---------- Records for the task ----------

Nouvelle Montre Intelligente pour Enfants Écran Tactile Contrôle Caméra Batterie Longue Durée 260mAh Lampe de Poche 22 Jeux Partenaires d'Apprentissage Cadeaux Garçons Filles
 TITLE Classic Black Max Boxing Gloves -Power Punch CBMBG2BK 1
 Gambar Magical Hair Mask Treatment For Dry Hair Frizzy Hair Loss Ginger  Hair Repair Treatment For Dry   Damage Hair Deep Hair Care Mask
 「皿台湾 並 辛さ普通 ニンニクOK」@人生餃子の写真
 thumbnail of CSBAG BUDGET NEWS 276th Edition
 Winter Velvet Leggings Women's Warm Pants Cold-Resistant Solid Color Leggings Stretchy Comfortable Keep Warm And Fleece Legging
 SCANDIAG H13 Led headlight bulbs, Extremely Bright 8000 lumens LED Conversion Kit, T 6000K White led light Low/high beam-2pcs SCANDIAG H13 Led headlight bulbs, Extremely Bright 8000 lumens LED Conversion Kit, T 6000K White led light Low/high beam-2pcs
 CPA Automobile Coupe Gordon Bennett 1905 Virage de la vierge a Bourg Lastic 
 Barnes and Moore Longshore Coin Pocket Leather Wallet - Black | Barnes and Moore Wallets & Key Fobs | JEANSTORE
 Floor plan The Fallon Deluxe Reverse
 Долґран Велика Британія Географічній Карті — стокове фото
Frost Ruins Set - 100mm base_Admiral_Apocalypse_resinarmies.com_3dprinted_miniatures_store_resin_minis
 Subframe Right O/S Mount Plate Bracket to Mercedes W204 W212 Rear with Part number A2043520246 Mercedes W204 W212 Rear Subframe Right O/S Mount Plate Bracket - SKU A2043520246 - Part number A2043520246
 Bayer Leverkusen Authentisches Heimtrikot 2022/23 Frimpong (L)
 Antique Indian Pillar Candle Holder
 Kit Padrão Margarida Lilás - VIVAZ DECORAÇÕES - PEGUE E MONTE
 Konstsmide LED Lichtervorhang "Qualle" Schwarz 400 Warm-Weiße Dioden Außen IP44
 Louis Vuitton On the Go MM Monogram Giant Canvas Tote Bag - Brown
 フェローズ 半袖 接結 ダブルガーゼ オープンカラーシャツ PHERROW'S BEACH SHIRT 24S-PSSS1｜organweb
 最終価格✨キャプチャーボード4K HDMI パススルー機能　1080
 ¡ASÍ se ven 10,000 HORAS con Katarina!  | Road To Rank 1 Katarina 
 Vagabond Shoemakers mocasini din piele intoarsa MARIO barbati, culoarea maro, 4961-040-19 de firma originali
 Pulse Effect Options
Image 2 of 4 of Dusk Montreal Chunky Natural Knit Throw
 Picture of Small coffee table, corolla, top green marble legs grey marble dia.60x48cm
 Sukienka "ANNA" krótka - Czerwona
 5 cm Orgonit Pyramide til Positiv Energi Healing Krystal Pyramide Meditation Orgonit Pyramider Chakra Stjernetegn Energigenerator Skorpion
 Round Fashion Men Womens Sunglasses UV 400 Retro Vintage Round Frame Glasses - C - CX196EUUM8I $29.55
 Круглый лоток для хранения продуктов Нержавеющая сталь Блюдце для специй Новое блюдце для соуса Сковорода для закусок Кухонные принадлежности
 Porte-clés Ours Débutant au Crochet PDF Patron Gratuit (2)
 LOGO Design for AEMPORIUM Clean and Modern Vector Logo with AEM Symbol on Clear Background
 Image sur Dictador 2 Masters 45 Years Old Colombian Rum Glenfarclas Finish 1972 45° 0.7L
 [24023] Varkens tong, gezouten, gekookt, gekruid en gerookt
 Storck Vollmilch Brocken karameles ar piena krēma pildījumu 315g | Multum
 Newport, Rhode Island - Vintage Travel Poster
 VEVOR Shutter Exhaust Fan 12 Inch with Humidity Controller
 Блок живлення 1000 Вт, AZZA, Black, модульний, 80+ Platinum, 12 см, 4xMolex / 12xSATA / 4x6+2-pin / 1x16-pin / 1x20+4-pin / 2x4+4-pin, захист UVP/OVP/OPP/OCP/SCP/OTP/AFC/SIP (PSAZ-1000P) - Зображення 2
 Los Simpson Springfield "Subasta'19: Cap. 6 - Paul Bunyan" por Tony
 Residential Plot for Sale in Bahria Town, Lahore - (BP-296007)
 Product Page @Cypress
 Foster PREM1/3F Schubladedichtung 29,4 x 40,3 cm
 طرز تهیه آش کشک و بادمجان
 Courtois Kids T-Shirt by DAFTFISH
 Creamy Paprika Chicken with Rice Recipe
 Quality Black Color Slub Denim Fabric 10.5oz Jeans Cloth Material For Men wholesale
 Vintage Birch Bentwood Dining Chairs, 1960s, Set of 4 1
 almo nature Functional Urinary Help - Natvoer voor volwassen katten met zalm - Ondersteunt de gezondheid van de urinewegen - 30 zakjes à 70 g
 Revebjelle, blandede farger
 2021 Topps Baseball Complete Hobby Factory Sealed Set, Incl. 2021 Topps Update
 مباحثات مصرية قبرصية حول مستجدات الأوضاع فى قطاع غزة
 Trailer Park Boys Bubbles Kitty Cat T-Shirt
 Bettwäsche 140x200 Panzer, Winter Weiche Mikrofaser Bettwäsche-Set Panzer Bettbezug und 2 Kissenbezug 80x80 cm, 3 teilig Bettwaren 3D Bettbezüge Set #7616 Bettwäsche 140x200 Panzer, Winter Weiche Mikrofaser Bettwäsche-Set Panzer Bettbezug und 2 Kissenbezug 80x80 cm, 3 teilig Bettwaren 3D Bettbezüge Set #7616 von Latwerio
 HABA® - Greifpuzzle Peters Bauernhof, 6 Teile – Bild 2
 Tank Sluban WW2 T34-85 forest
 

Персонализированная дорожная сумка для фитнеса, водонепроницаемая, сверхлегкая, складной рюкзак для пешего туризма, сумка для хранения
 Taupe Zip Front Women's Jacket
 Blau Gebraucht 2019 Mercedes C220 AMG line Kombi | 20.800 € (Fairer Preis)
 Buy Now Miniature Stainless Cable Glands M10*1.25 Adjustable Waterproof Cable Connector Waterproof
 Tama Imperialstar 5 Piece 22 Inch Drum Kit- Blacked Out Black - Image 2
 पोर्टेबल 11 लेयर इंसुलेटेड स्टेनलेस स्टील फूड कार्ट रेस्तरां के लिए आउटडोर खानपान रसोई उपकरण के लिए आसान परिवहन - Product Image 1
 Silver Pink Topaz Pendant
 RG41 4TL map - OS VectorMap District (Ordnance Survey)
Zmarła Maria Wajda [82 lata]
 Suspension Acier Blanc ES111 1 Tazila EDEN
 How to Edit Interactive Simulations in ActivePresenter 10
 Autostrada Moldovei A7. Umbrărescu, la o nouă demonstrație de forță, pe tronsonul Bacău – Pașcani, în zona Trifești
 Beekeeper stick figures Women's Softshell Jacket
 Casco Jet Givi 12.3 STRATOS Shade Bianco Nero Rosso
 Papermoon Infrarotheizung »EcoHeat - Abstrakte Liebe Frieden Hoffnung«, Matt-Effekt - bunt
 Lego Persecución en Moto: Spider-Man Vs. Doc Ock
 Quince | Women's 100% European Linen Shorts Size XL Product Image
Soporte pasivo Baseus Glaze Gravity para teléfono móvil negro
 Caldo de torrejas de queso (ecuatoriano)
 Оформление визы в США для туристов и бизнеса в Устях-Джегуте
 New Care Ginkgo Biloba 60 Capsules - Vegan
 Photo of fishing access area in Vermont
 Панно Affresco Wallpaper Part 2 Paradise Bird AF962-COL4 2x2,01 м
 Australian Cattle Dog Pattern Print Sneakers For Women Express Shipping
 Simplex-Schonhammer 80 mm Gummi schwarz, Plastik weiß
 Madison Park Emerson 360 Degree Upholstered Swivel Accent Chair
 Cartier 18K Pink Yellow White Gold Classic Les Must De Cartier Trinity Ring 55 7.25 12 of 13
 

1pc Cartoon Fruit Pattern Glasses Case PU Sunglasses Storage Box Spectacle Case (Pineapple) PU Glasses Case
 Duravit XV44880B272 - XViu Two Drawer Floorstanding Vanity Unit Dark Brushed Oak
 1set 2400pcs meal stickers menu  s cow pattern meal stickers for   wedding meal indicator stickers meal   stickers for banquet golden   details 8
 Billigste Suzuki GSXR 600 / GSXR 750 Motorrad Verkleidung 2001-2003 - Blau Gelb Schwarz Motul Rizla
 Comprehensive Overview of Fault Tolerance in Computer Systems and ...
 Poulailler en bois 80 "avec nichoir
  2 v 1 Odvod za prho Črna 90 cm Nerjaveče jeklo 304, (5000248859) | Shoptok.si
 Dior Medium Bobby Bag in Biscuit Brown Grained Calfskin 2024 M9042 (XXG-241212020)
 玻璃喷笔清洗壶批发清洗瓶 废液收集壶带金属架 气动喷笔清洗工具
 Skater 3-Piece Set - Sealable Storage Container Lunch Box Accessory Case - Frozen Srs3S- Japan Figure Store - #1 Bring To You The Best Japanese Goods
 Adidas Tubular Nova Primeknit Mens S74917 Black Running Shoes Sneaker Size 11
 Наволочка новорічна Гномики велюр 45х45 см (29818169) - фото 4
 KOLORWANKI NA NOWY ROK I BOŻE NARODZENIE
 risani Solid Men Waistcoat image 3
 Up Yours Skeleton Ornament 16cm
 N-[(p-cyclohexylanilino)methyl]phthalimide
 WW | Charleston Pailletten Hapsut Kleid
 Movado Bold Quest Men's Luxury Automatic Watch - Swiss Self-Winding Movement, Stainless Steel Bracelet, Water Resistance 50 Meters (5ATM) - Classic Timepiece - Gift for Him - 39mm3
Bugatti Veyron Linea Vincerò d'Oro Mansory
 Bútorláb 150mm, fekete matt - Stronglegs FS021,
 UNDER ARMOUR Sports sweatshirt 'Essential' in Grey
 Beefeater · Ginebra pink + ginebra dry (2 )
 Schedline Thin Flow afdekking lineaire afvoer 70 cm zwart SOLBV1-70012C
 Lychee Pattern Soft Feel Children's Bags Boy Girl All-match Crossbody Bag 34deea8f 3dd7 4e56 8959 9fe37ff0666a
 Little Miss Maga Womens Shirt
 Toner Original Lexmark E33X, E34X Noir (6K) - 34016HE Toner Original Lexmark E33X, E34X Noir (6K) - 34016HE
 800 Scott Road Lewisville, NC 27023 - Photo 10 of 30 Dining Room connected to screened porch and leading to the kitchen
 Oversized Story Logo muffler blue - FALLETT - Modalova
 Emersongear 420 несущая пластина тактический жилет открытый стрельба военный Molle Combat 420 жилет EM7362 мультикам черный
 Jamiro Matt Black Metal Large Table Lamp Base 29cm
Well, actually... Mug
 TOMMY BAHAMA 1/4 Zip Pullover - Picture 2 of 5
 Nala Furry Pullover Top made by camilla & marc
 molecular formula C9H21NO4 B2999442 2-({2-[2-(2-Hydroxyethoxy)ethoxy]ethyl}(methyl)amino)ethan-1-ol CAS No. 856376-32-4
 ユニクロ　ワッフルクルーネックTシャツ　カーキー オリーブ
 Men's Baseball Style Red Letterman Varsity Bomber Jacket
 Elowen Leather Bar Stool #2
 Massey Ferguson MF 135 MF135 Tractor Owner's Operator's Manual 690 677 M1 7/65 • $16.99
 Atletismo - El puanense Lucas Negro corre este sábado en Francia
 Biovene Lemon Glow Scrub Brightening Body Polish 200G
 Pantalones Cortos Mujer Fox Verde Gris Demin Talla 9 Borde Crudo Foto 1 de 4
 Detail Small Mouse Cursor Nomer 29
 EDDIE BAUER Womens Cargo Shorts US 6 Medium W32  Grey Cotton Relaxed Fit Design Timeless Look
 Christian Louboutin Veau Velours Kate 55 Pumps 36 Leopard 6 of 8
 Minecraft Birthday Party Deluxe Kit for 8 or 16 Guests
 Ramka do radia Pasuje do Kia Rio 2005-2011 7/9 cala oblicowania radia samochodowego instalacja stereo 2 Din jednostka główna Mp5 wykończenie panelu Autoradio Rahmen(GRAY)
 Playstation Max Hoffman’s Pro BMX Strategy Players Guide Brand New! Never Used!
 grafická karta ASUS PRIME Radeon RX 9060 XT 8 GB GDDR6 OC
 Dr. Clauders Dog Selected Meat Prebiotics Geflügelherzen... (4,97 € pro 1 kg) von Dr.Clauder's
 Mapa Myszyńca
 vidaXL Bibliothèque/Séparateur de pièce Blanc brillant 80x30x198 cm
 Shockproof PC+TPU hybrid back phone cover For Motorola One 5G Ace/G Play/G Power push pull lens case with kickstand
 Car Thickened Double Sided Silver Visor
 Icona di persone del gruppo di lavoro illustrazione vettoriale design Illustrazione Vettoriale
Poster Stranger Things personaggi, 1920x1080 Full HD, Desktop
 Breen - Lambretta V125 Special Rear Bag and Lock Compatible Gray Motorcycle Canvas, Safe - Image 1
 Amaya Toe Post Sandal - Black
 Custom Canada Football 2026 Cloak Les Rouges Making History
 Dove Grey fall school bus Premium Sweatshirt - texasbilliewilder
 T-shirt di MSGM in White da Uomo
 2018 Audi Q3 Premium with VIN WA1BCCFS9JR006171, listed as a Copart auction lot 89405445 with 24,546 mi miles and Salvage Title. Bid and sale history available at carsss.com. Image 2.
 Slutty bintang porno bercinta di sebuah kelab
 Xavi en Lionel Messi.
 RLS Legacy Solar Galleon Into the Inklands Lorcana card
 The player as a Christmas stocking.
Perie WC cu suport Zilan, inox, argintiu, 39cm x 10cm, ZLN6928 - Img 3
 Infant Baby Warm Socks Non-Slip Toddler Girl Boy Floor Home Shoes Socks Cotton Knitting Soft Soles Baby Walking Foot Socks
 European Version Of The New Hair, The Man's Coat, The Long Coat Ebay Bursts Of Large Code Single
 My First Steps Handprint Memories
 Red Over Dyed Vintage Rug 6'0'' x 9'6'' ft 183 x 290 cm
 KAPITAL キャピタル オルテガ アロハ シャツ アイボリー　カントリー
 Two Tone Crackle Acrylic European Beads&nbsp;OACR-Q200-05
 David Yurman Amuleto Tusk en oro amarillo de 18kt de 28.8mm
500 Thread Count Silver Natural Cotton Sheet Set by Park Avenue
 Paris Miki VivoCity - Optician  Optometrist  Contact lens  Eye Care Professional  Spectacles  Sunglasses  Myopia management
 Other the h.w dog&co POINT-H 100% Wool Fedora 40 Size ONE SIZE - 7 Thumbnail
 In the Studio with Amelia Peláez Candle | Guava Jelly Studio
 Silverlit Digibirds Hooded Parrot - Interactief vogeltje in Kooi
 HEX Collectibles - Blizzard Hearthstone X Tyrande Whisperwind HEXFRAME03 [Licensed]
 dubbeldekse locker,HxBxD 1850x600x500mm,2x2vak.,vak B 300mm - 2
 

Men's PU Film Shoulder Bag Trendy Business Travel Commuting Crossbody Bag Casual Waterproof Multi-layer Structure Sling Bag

----------

:: Problem ::
From the opening line of the data above through the line that contains "TITLE Classic Black", please print each line as it stands and only those lines.

:: Task response ::
Nouvelle Montre Intelligente pour Enfants Écran Tactile Contrôle Caméra Batterie Longue Durée 260mAh Lampe de Poche 22 Jeux Partenaires d'Apprentissage Cadeaux Garçons Filles
 TITLE Classic Black Max Boxing Gloves -Power Punch CBMBG2BK 1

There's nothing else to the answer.